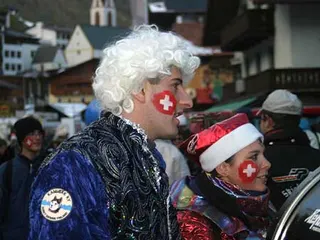 Zdjęcie 7 z galerii Sölden. Parada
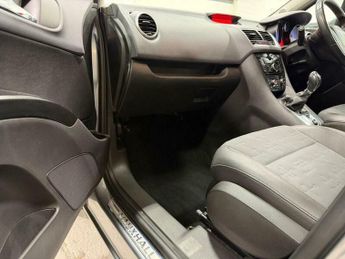 Vauxhall Meriva 1.7 CDTi SE Euro 5 5dr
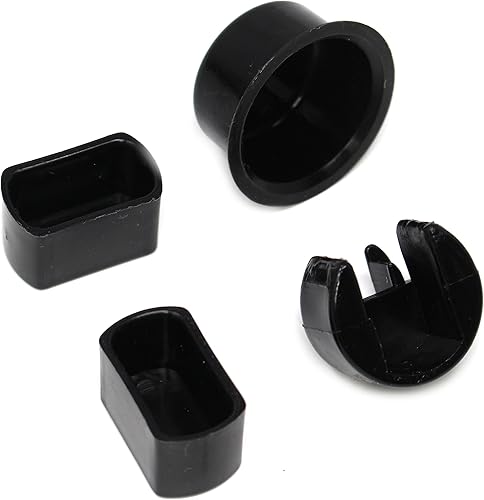 Miniatura 4 de Kit de inserción de bisagra para portón trasero de 4 piezas, compatible con modelos Dodge y Ford, kit de inserción de buje de pivote de bisagra para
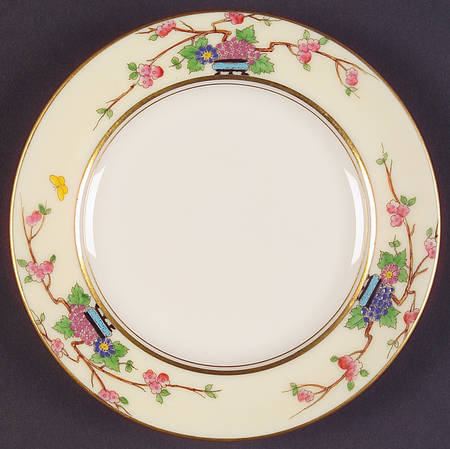 Mandarin Small Bread & Butter Plate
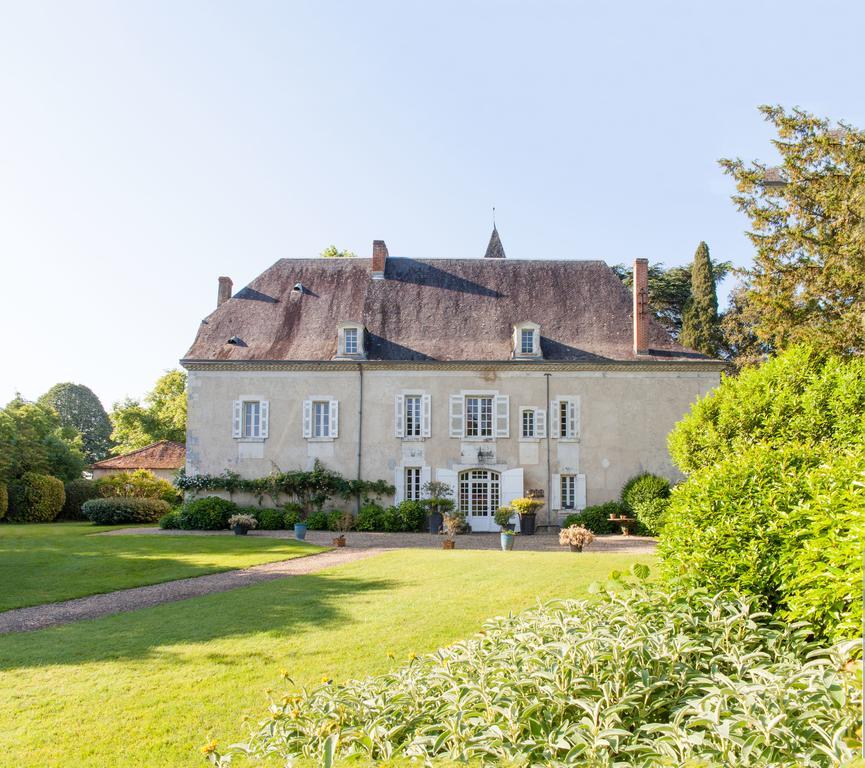 Bed and Breakfast Domaine Labattut Saint-Astier  Exterior foto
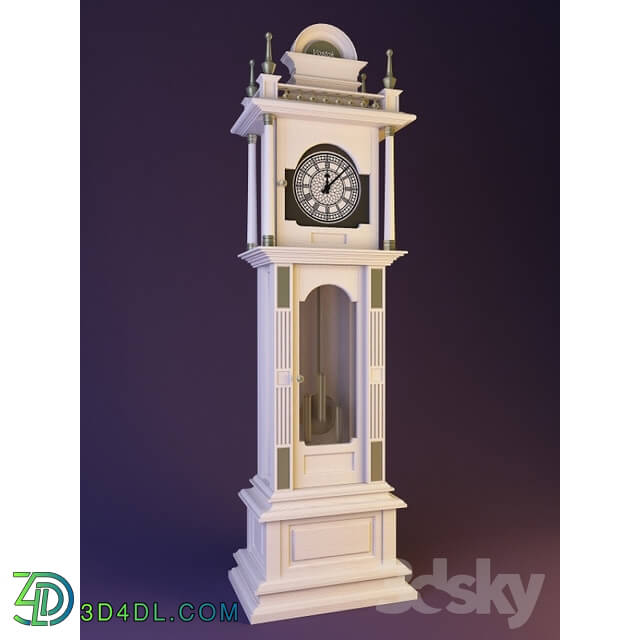 Other decorative objects - Floor clock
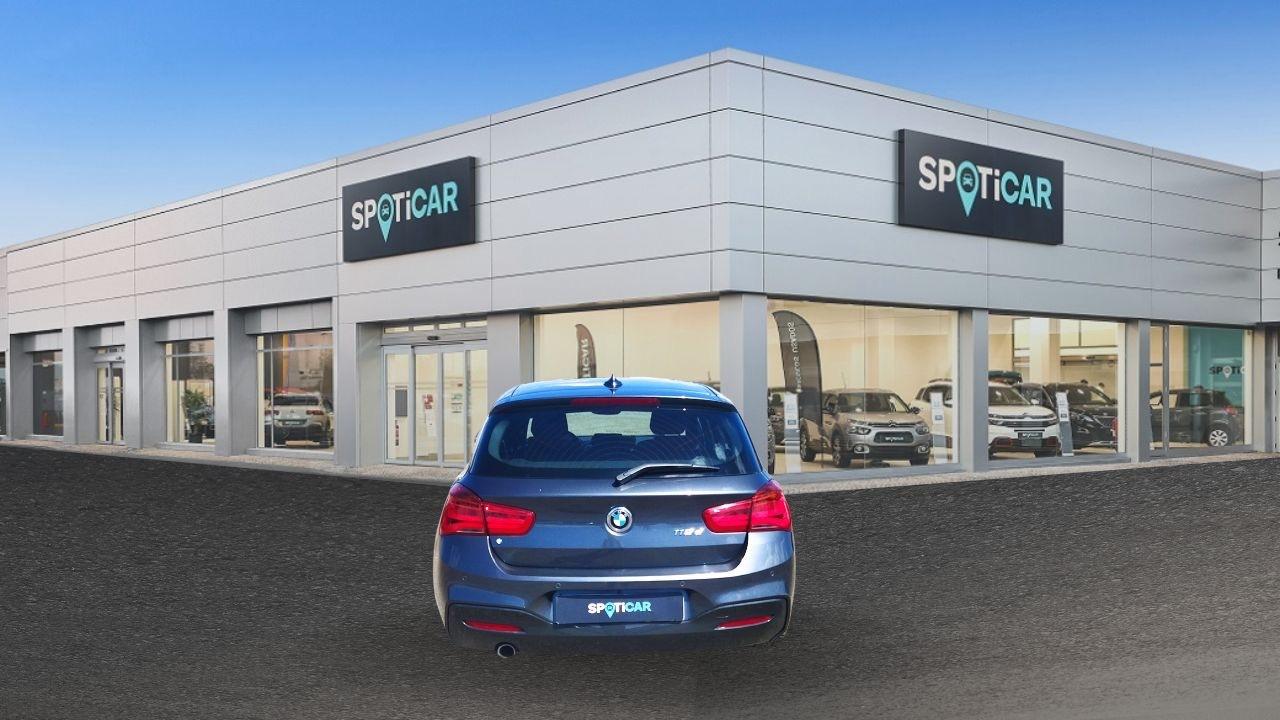 BMW Bmw Serie 1 usata 17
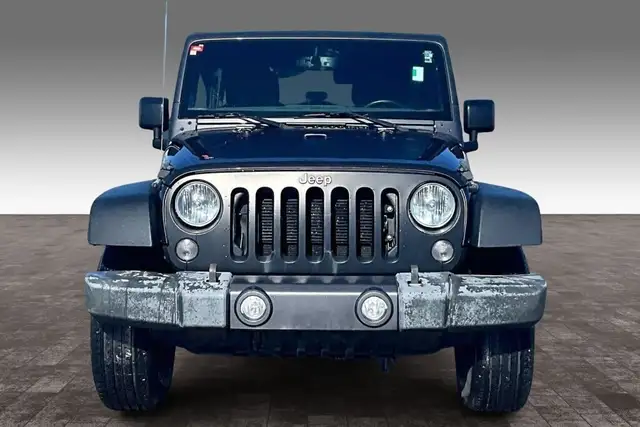 2017 Jeep Wrangler 4WD UNLIMITED - Photo 3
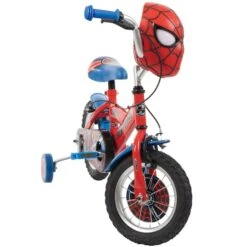 Huffy Disney Marvel Spider-Man 12" Kids Bike -Les Cycles Shop HU22364W 65641 08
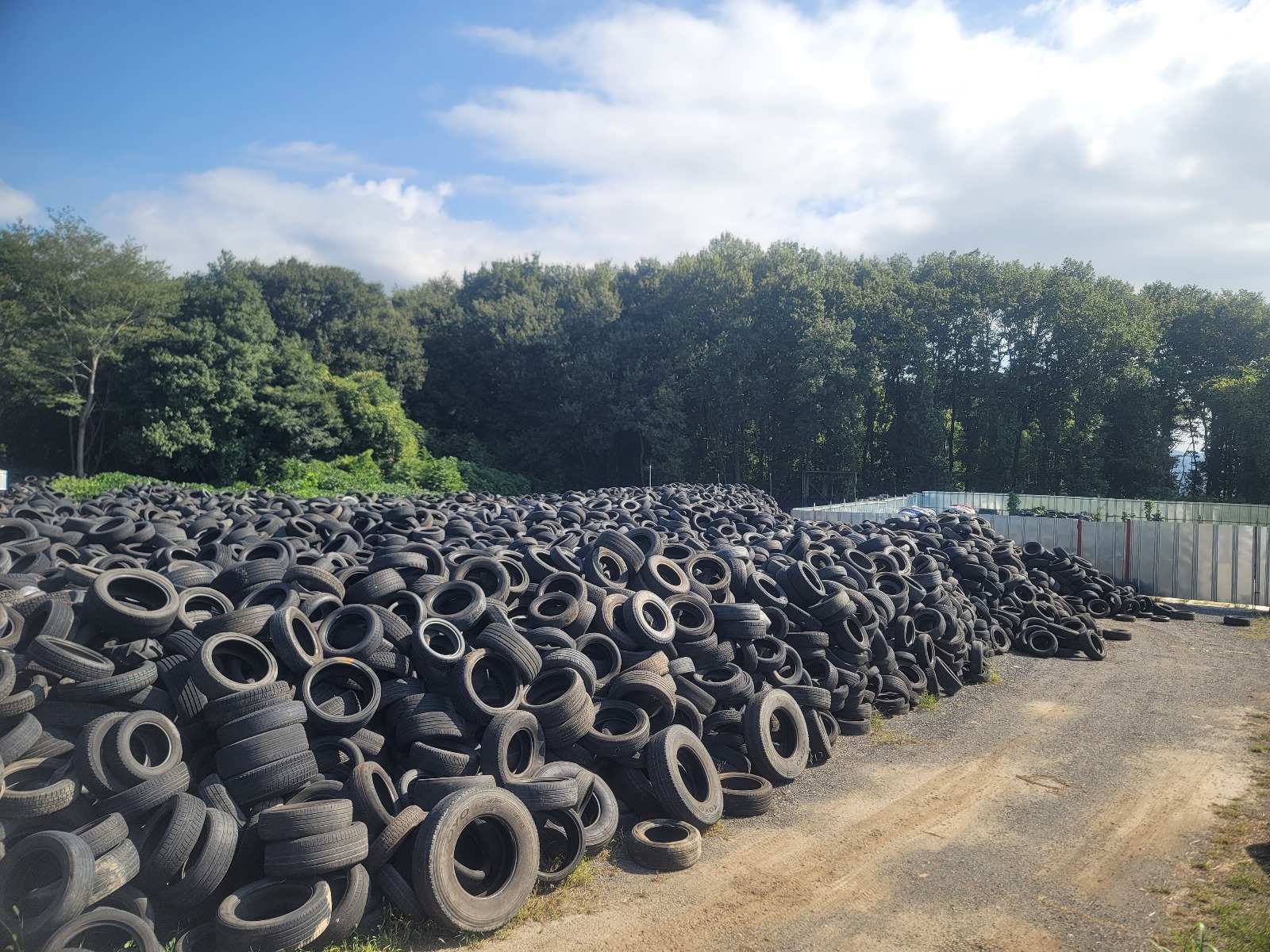 MIX ALL SIZE TIRES GOOD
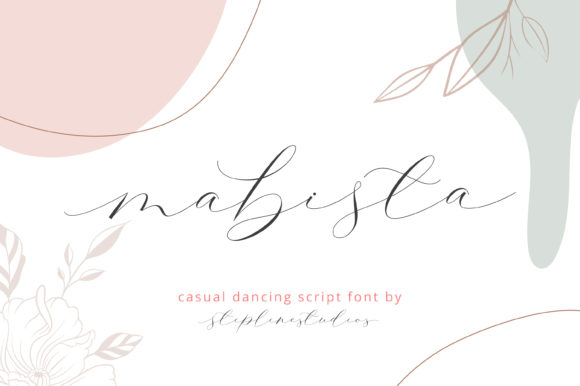 Why Mabista Script Brings Playful Energy to Modern Design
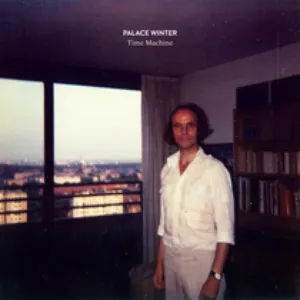 Pochette de Time Machine de Palace Winter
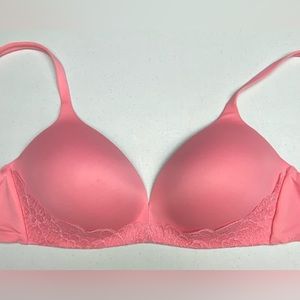 LS SALMON Wireless T-Shirt, 36D  *P1070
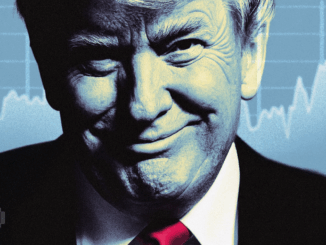 Shutdown Hopes, Trump Dividend Talk Lift Bitcoin to $106K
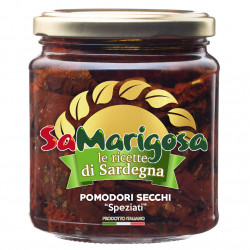 Pomodoro secco Speziato Vaso 280 g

# # # #

# What you should do
Working from the line containing "MIX ALL SIZE TIRES GOOD" to the last line of the data, retype every line exactly, both ends included, and leave out all pictures.

# Answer box
 MIX ALL SIZE TIRES GOOD
 Why Mabista Script Brings Playful Energy to Modern Design
 Pochette de Time Machine de Palace Winter
 LS SALMON Wireless T-Shirt, 36D  *P1070
 Shutdown Hopes, Trump Dividend Talk Lift Bitcoin to $106K
 Pomodoro secco Speziato Vaso 280 g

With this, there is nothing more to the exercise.